Given the heterogeneity of true power, the red curve is more appropriate. It provides the best fit to the observed z-scores that are significant (z-scores > 2). It does not model the z-scores below 2 because non-significant z-scores are not reported.   The red-curve gives a lower estimate of power and shows a much larger file-drawer.

I limit the power analysis to z-scores in the range from 2 to 4. The reason is that z-scores greater than 4 imply very high power (> 99%). In fact, many of these results tend to replicate well. However, many theoretically important findings are published with z-scores less than 4 as evidence. These z-scores do not replicate well. If social psychology wants to improve its replicability, social psychologists need to conduct fewer studies with more statistical power that yield stronger evidence and they need to publish all studies to reduce the file-drawer.

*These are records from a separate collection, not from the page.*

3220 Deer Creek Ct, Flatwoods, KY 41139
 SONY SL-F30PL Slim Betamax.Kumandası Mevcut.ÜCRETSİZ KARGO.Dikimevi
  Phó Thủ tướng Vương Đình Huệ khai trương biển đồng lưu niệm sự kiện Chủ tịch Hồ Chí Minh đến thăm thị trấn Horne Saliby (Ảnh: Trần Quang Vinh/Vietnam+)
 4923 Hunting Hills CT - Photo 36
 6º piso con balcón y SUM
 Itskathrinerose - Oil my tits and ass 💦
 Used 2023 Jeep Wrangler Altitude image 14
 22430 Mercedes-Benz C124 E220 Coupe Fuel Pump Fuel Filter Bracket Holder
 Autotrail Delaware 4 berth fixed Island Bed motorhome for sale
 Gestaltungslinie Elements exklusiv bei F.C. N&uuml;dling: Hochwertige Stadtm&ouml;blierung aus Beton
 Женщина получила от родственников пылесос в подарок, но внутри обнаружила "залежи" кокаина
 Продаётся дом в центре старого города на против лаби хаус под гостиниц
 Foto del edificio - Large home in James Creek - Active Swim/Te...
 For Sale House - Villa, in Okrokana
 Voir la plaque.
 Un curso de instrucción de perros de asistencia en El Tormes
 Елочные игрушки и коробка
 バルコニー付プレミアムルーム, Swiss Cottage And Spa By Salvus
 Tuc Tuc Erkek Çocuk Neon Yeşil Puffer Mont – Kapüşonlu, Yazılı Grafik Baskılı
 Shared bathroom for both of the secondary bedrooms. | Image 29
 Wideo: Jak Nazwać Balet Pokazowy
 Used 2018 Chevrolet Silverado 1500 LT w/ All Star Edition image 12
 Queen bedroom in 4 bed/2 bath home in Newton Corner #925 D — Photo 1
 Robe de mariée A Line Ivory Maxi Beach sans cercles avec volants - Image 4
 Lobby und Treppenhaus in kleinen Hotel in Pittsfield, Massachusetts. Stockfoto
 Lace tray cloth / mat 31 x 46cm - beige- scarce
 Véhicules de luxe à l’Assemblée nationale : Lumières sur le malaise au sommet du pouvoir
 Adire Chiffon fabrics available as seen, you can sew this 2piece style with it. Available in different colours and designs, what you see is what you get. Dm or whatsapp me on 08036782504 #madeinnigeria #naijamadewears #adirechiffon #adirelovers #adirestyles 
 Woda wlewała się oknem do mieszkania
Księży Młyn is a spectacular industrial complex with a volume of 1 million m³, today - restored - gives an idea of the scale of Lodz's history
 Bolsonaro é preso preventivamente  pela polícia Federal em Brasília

To provide an incentive to increase the scientific standards in social psychology, I computed the replicability-score (homogeneous model for z-scores between 2 and 4) for different journals. Journal editors can use the replicability rankings to demonstrate that their journal publishes replicable results. Here I report the first rankings of social psychology departments.   To rank departments, I searched the database of articles published in social psychology journals for the affiliation of articles’ authors. The rankings are based on the z-scores of these articles published in the years 2010 to 2014. I also conducted an analysis for the year 2015. However, the replicability scores were uncorrelated with those in 2010-2014 (r = .01). This means that the 2015 results are unreliable because the analysis is based on too few observations. As a result, the replicability rankings of social psychology departments cannot reveal recent changes in scientific practices. Nevertheless, they provide a first benchmark to track replicability of psychology departments. This benchmark can be used by departments to monitor improvements in scientific practices and can serve as an incentive for departments to create policies and reward structures that reward scientific integrity over quantitative indicators of publication output and popularity. Replicabilty is only one aspect of high-quality research, but it is a necessary one. Without sound empirical evidence that supports a theoretical claim, discoveries are not real discoveries.